I started thinking it might be a problem with the ISS mod_rewrite plug-in used, but it has been working for ages. After reading pages about HTML redirecting and started to suspect WordPress, after realizing that the error pages where pages that I had renamed the permalink, so I went digging in the code, and found this:
//wp-includes/pluggable.php
function wp_redirect($location, $status = 302) {
global $is_IIS;
$location = apply_filters('wp_redirect', $location, $status);
$status = apply_filters('wp_redirect_status', $status, $location);
if ( !$location ) // allows the wp_redirect filter to cancel a redirect
return false;
$location = wp_sanitize_redirect($location);
if ( $is_IIS ) {
header("Refresh: 0;url=$location");
} else {
if ( php_sapi_name() != 'cgi-fcgi' )
status_header($status); // This causes problems on IIS and some FastCGI setups
header("Location: $location", true, $status);
}
}
so I commented out the ISS check:
//simeon
//if ( $is_IIS ) {
// header("Refresh: 0;url=$location");
//} else {
if ( php_sapi_name() != 'cgi-fcgi' )
status_header($status); // This causes problems on IIS and some FastCGI setups
header("Location: $location", true, $status);
//}
and the page still load for me, so tested with Fetch as Googlebot and now Googlebot is happy!

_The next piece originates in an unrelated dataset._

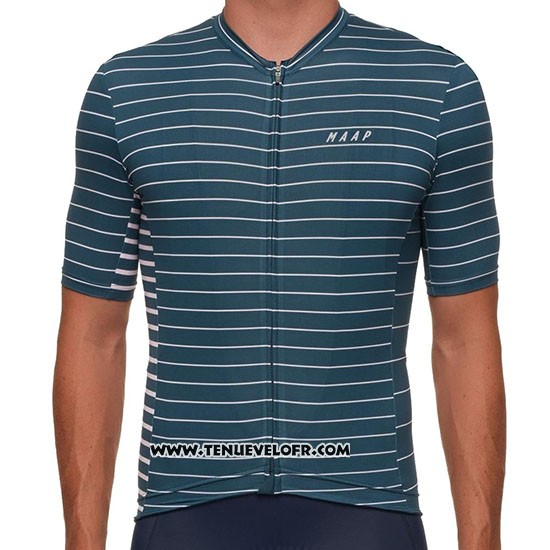 2019 Maillot Ciclismo MAAP Movement Vert Manches Courtes et Cuissard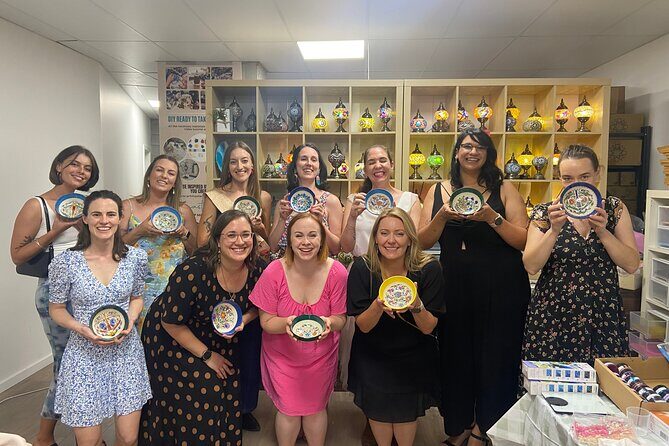 Painting Classes Orange County: Ceramic Plates & Bowls - The Sum Up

HTTP/1.1 301 Moved Permanently
Date: Tue, 25 Jan 2011 18:51:18 GMT
Server: Microsoft-IIS/6.0
X-Powered-By: ASP.NET,PHP/5.2.14
X-Pingback: https://simeonpilgrim.com/blog/xmlrpc.php
Content-Type: text/html; charset=UTF-8
Expires: Wed, 11 Jan 1984 05:00:00 GMT
Last-Modified: Tue, 25 Jan 2011 18:51:18 GMT
Cache-Control: no-cache, must-revalidate, max-age=0
Pragma: no-cache
Location: https://simeonpilgrim.com/blog/2005/08/04/curse-of-the-azure-bonds-project/
Content-Length: 0
So not sure what problems WordPress users have on IIS, and hope I’ve not opened a can of worms, but for now this is just another customisation to keep track of.